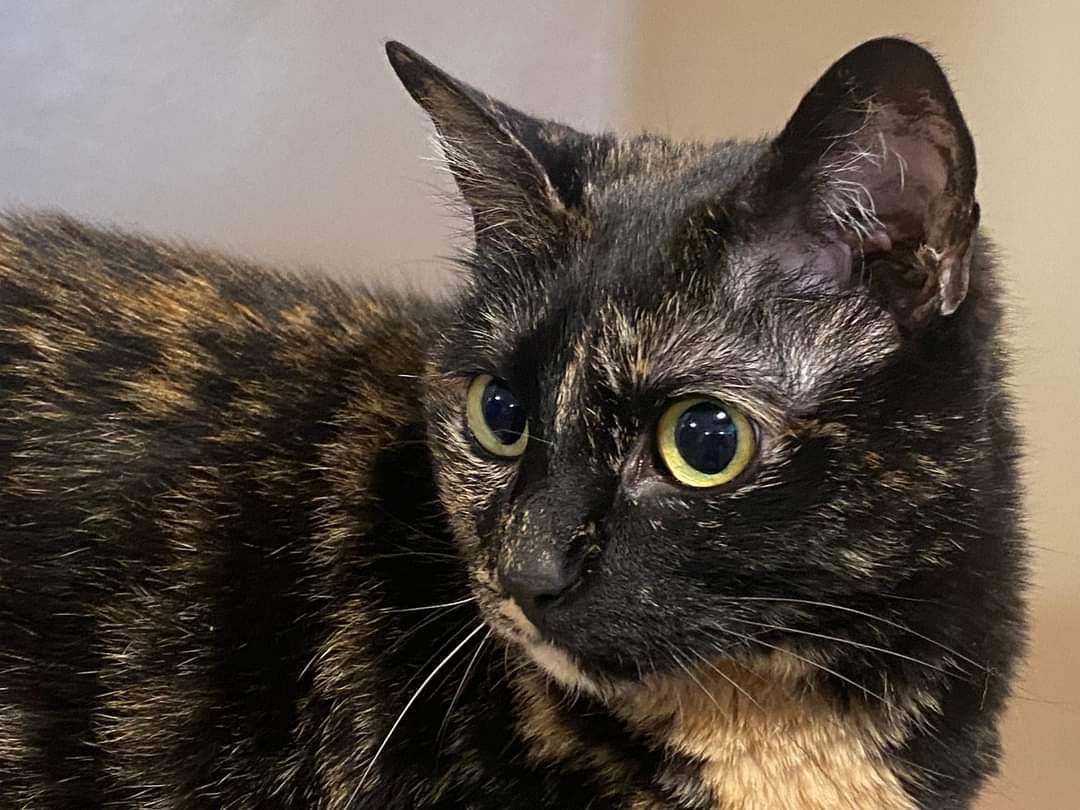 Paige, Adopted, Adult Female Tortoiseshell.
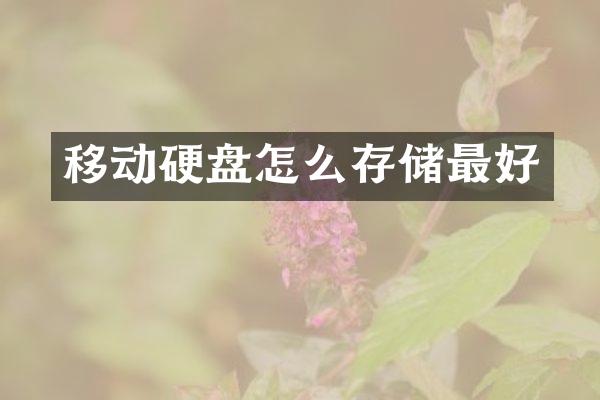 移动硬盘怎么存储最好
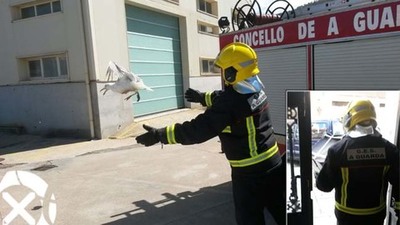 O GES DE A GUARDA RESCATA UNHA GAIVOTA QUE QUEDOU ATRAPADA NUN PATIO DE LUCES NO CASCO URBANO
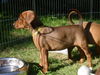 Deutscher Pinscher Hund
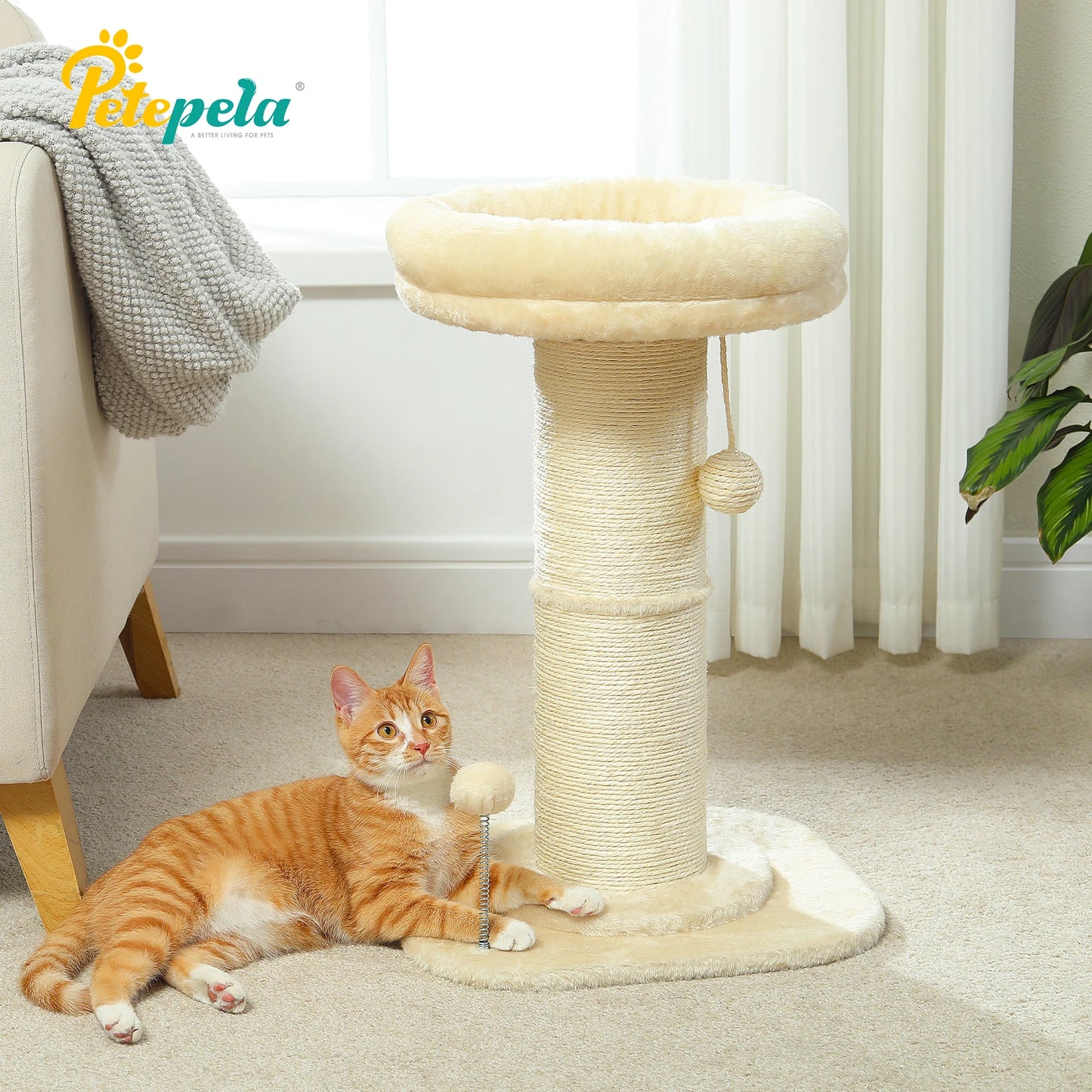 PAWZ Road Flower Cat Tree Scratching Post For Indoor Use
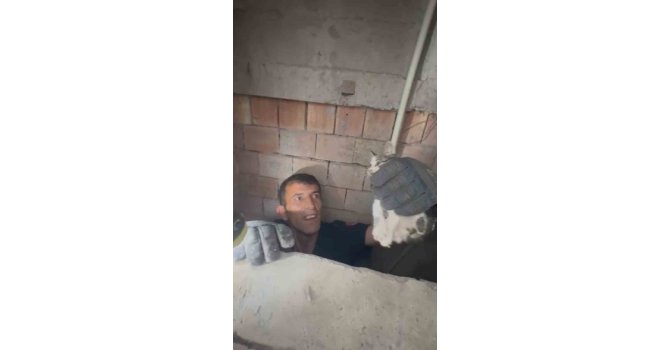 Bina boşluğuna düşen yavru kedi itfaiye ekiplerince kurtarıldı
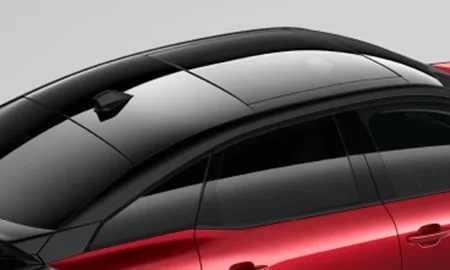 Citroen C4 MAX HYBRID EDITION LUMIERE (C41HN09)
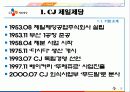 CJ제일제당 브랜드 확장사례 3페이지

---*---

--- Task goal ---
Return the full listing exactly as it appears above, without its pictures.

--- Output ---
 Paige, Adopted, Adult Female Tortoiseshell.
 移动硬盘怎么存储最好
 O GES DE A GUARDA RESCATA UNHA GAIVOTA QUE QUEDOU ATRAPADA NUN PATIO DE LUCES NO CASCO URBANO
 Deutscher Pinscher Hund
 PAWZ Road Flower Cat Tree Scratching Post For Indoor Use
 Bina boşluğuna düşen yavru kedi itfaiye ekiplerince kurtarıldı
 Citroen C4 MAX HYBRID EDITION LUMIERE (C41HN09)
 CJ제일제당 브랜드 확장사례 3페이지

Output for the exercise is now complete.